Cavalier attitude to Shinde’s commitment has angered both groups
The Centre reneging on Home Minister Sushilkumar Shinde’s promise to take a decision by January 28 whether it will carve out a new State of Telangana or continue with the united Andhra Pradesh — as indicated by Congress in charge of the State, Ghulam Nabi Azad — has not just activated a wave of protests across the State, for and against division: the continuing uncertainty it has fuelled affects the lives of ordinary people, with the forced closure of universities in the Telangana region.
Congressmen on both sides of the divide told The Hindu that time was running out for its central leadership to take a view, with elections both to the Assembly and the Lok Sabha due in 16 months. Any poll strategy, both groups pointed out, will depend entirely on what decision the Centre takes.

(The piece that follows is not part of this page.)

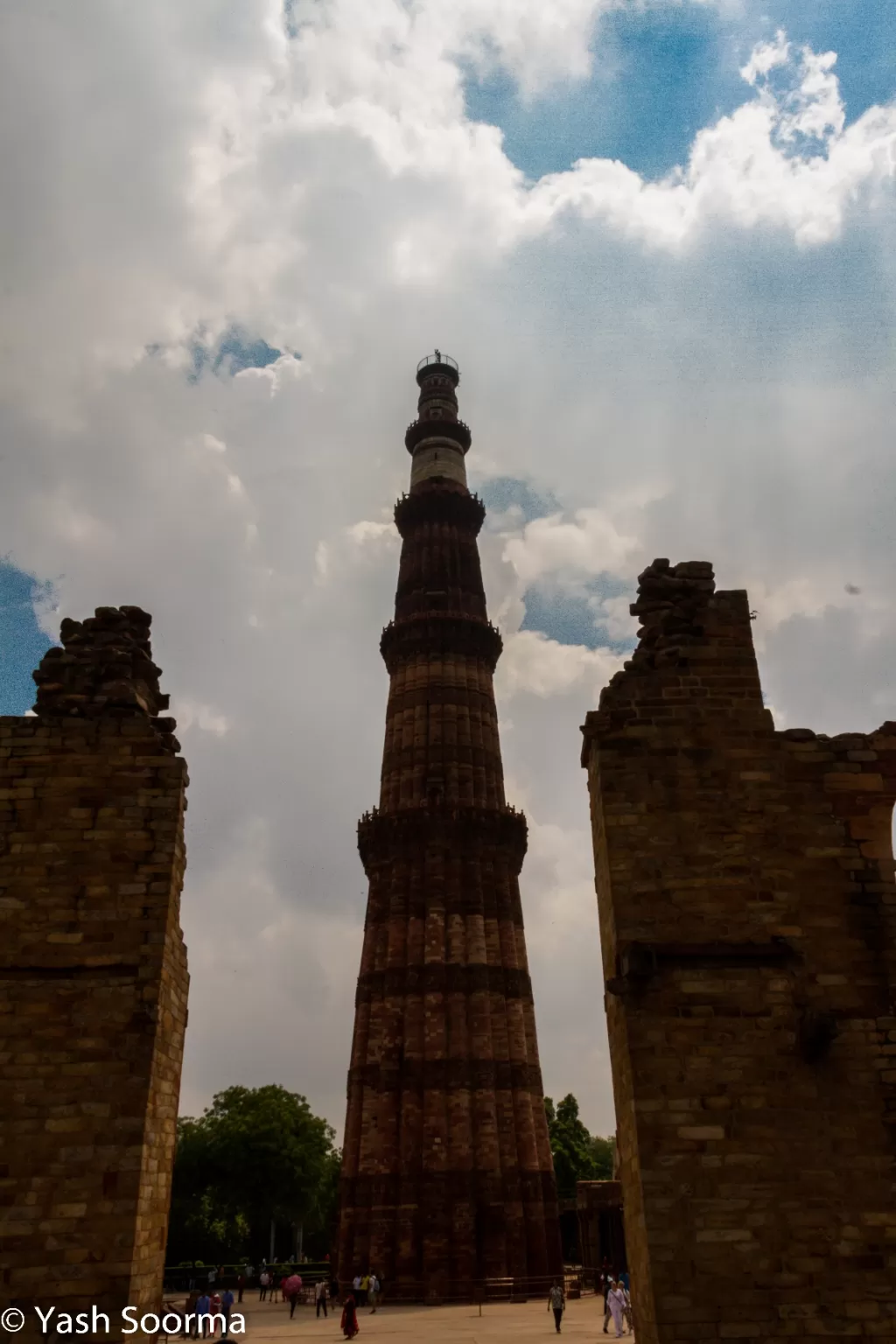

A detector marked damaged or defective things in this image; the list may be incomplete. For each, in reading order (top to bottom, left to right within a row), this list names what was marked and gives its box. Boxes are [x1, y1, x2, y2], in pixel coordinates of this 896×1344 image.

broken brick wall [583, 558, 896, 1344]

Over the last two days, members of the central group (which includes Mr. Shinde, Health Minister Ghulam Nabi Azad, Union Minister Vayalar Ravi, Congress president Sonia Gandhi’s Political Secretary Ahmed Patel and general secretary Digvijay Singh), tasked with recommending a way out of the imbroglio, held discussions with Ms. Gandhi, but failed to come to a conclusion.

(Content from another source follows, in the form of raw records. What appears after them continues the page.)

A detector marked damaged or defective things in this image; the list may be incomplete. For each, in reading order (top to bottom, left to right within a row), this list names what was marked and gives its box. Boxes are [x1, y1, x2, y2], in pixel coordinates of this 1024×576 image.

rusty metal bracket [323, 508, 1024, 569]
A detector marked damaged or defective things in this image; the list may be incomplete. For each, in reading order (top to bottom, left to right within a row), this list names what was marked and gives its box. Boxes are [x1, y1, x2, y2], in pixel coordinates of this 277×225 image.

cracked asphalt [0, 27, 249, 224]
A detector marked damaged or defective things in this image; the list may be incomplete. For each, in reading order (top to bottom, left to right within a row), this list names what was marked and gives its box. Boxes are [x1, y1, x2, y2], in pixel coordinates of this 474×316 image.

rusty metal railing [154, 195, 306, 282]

If the long-term concerns are the impact any pronouncement might have on the electoral prospects of the party in the State, and on other groups in the country demanding smaller States, the immediate fear is that either decision — creation of Telangana or continuation of unified Andhra Pradesh — could trigger resignations from Congress MLAs/MPs adversely affected by it.
It could even make the passage of the Andhra Pradesh budget difficult and worse, lead to the fall of the Kirankumar Reddy government.

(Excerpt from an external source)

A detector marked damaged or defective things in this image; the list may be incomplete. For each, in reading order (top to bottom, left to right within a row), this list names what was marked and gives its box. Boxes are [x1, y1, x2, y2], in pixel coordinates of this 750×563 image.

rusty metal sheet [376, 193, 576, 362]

Indeed, on Friday, MPs from Telangana, amid speculation that many of them might join the Telangana Rashtra Samiti (TRS), dropped hints in Hyderabad that they would quit the Congress if it did not honour its word on granting statehood for the region. On record, they said they would wait for the Centre’s decision till January 28 even as they criticised Mr. Azad’s statement that a decision would not be taken in haste. “Azad’s comments amount to betraying the people of Telangana once again. We can convince people once or twice [on the delay in coming out with a decision],” MP Manda Jagannatham told journalists, stressing, “The Congress’ prestige will only diminish further if the Centre drags its feet.”
The cavalier attitude to a commitment made by a Central Minister has predictably angered members of both groups who were camping here till Thursday. Most of them have now departed for Andhra Pradesh to hold consultations and public meetings. Before setting a deadline for the government, Mr. Shinde should have reflected on the negative impact of the promise that Mr. Chidambaram – as Home Minister – made in end 2009 to create Telangana.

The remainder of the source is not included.